For the records below, please print exactly and only the lines from the one with "Goaltender Jiahui Zhan of China" down to the one with "Nữ luật sư bị bắt về hành vi lừa đảo -0", both ends included, omitting the pictures.
Provided records START
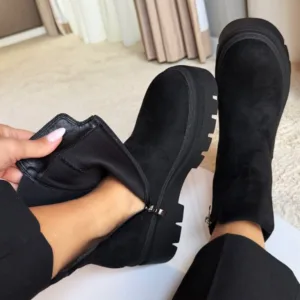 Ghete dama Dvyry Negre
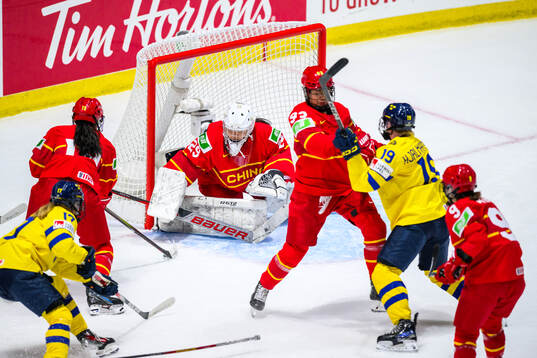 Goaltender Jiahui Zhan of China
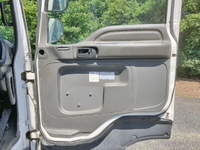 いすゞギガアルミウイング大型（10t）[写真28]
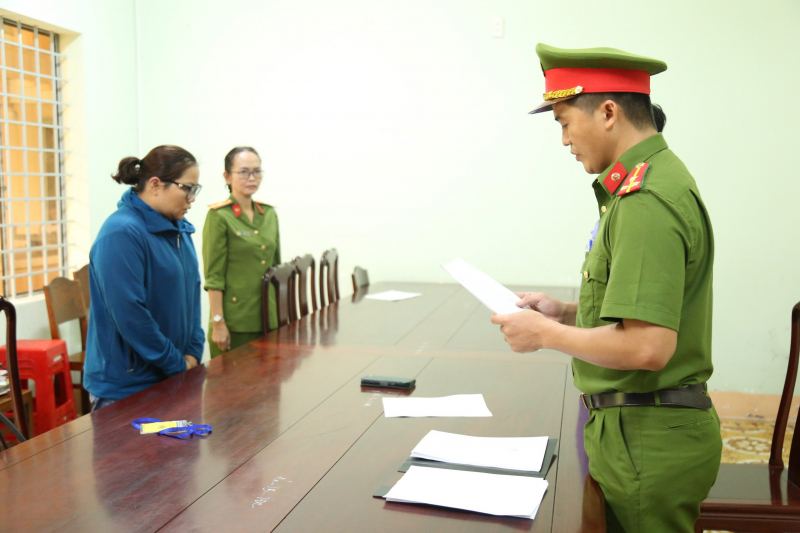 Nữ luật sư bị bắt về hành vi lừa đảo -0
Provided records END
Provided records START
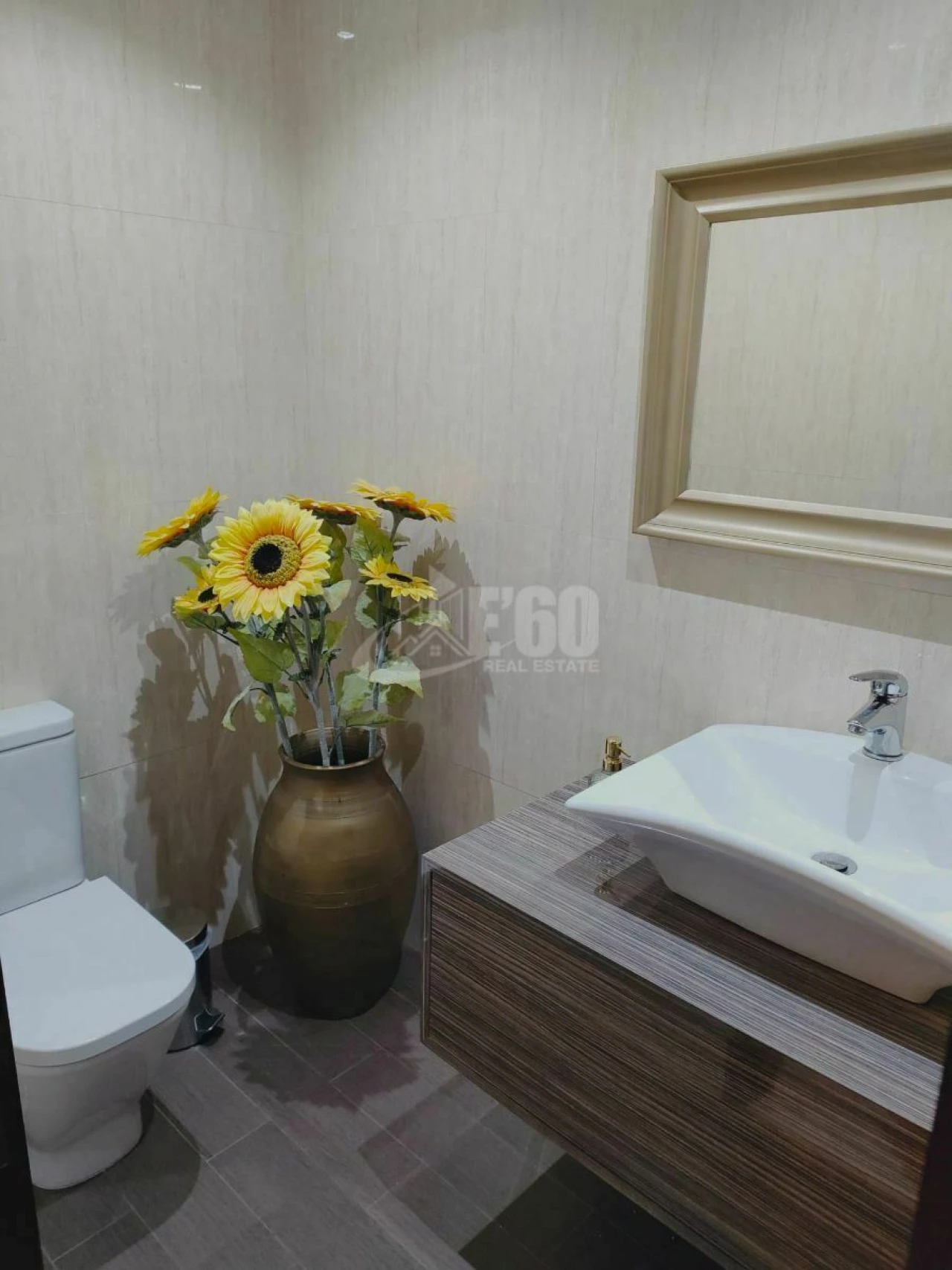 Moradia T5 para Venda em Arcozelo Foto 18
Provided records END
* Task solution:
 Goaltender Jiahui Zhan of China
 いすゞギガアルミウイング大型（10t）[写真28]
 Nữ luật sư bị bắt về hành vi lừa đảo -0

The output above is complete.